Gioacchino Zarbo
Io sto con Don Marco Damanti.
Si è chiesto e si sta chiedendo troppo alla gente e, nello stesso tempo, sfugge alla classe politica il particolare fenomeno. Allora, io sto con Don Marco e anch’io desidero presentare il cittadino ai politici che conoscono solo durante la campagna elettorale, pronto e disponibile a partecipare alle manifestazioni pubbliche che si vogliono organizzare.
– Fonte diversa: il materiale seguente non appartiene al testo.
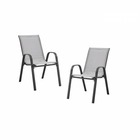 Lot de 2 fauteuils de jardin - acier et textile - hauteur du siege : 41 cm - couleur gris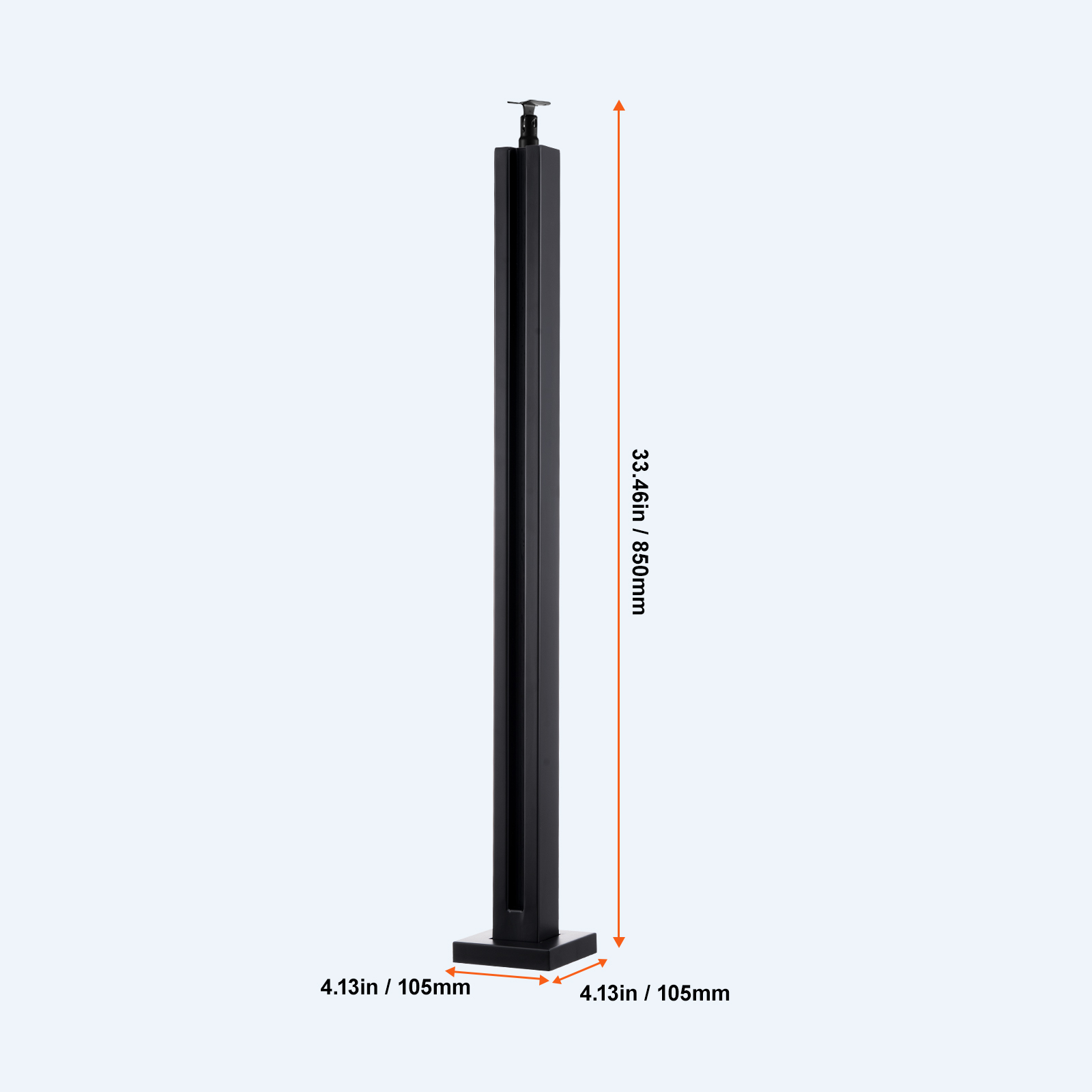 VEVOR Glass Clamp, 35.83" Height Glass Railing Bracket for 0.39 "-0.47 " Thickness Tempered Glass, 304 Stainless Steel Glass Mounting Clamp, Glass Shelf Bracket for Balcony,Garden,Deck,Stair,Black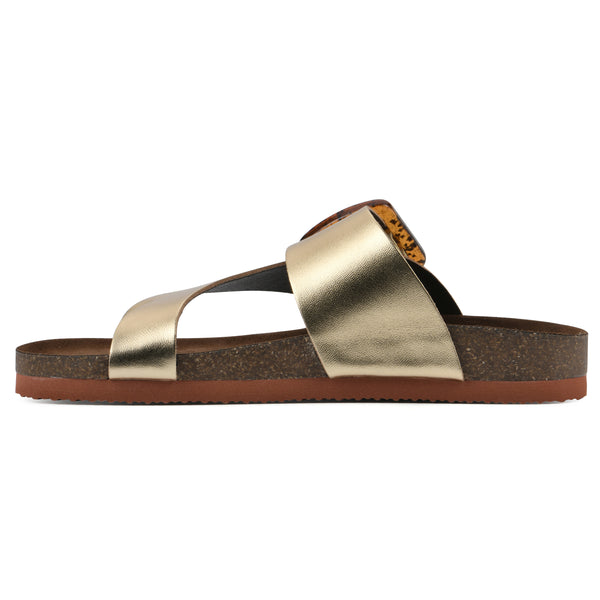 Summit By White Mountain Harley Footbeds Sandal - Antique Gold Leather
E’ giunto il tempo di dare voce al disagio di una larga fetta della nostra società. Si scrive acqua e si può leggere in tanti modi, disagio, disperazione per chi non può pagare i costi elevati, pessima gestione, problema mai risolto per i Comuni della fascia costiera della Provincia, gente che dal Dopoguerra si è arricchita a discapito della società civile, nel frattempo la sete è rimasta tale.
Io sto con Don Marco perché è vera la sua affermazione riferita al passato quando mancava il pane e mai l’acqua. Adesso, per molti mancano l’uno e l’altra.
Anzi, si usa la battuta per fare amaramente ridere che arriverà il giorno che ci faranno pagare anche l’aria. Noi siamo arrivati primi, perché paghiamo già l’aria quella che fa girare i contatori idrici ad ogni inizio di erogazione. E siccome ci metto sempre la faccio, dico che nella mia abitazione in Viale dei Pini a San Leone, prima dell’acqua e per buoni dieci minuti arriva aria.
Sto con Don Marco senza se e senza ma. E’ un dovere morale parlare dei costi dei servizi, farne la pesatura, mentre è immorale caricare a sacco d’ossa tutto sulla gente, caricare persino il rischio d’azienda. La mia storia di assessore “licenziato” racconta proprio la pesatura di un servizio pubblico, ho aperto il libro dei costi.
Siamo ormai al paradosso con la spazzatura che costa più del pane e con la rinuncia al servizio idrico perché non si è in grado di sostenerne i costi. Che cosa si pretende dalla gente?
E’ tempo di accedere il faro dell’attenzione sul fenomeno e io non sarò tra quelli che se ne starà alla finestra a guardare.